* **ACTIVITY**
An exact reproduction of all the data is needed, with no images in it.

* **DATA EXTRACT**
Segment Open

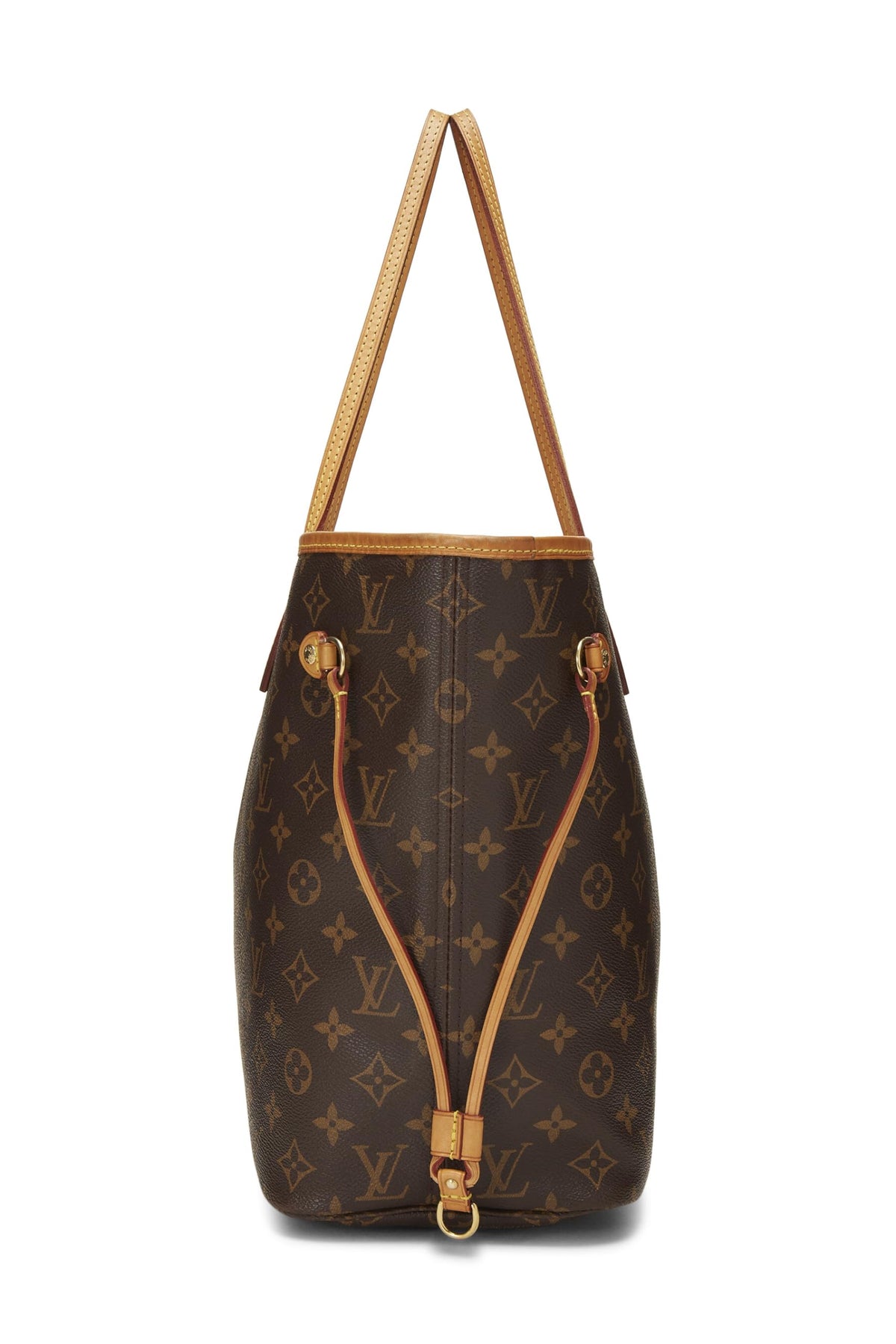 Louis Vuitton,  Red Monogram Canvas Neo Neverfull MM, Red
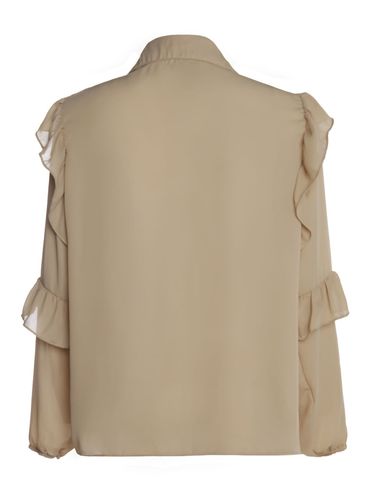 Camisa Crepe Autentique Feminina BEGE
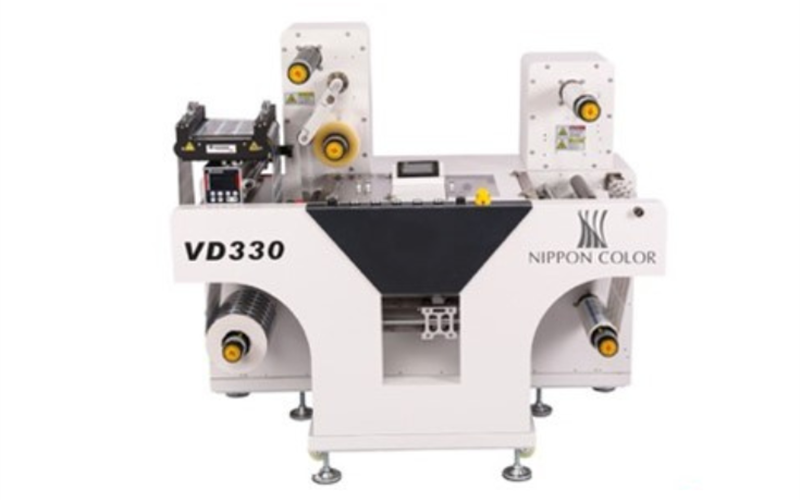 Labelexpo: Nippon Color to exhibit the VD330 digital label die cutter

Segment Closed

* **ANSWER FOR THIS EXERCISE**
 Louis Vuitton,  Red Monogram Canvas Neo Neverfull MM, Red
 Camisa Crepe Autentique Feminina BEGE
 Labelexpo: Nippon Color to exhibit the VD330 digital label die cutter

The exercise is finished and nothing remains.